Thuong adalah anggota termuda dari Politbiro partai, badan pembuat keputusan tertinggi negara dan dianggap sebagai veteran partai. Dia memulai karier politiknya saat masih di kampus melalui organisasi pemuda komunis.
Secara luas, Thuong dianggap dekat dengan Sekretaris Jenderal Nguyen Phu Trong, tokoh paling kuat di negara itu dan arsitek utama perjuangan partai dalam melawan korupsi.
Diplomat dan pengusaha telah menyuarakan keprihatinan tentang kampanye antikorupsi karena melumpuhkan banyak transaksi rutin di Vietnam.
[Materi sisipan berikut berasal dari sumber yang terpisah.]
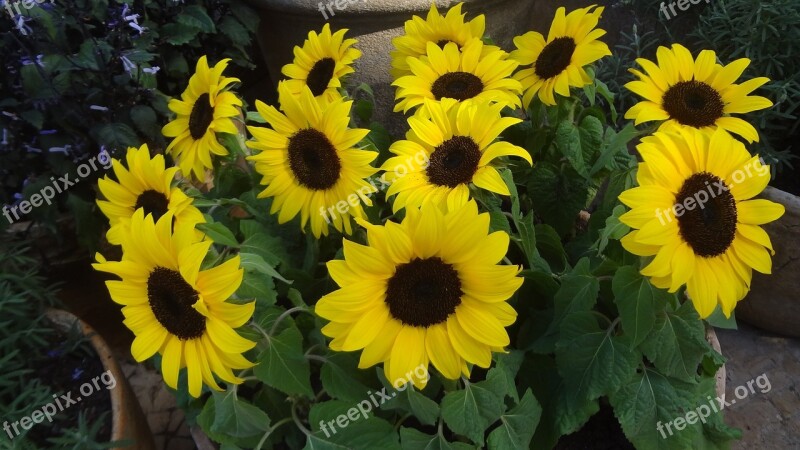 Sunflower Sunflowers Sunflower Vase Garden Gardening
Pasalnya, para pejabat takut terlibat dalam tindakan keras tersebut.
Pemulihan Stabilitas dan Prediktabilitas
Seorang diplomat yang berbasis di Hanoi mengatakan pemilihan Thuong adalah langkah besar Sekretaris Jenderal Trong di tengah perebutan untuk menggantikannya, mengingat pemimpin berusia 78 tahun itu mungkin mundur sebelum akhir masa jabatan ketiganya pada tahun 2026.
Sekretaris jenderal biasanya dipilih dari antara salah satu pemimpin puncak.
Analis dan investor memandang pemilu sebagai indikasi kesinambungan dalam kebijakan luar negeri dan ekonomi negara.
"Tidak akan ada perubahan besar pada kebijakan luar negeri Vietnam setelah pemilihan Thuong," kata ahli Vietnam dari ISEAS–Yusof Ishak Institute, Le Hong Hiep.
Seorang investor asing yang berbasis di Vietnam, yang menolak disebutkan namanya, mengatakan pemilihan presiden tersebut mengakhiri ketidakpastian.
"Itu berarti stabilitas dan prediktabilitas dipulihkan," katanya.
Vietnam adalah penerima utama investasi asing, dengan para pemimpin bisnis sering menyebut stabilitas politiknya sebagai alasan utama untuk berinvestasi.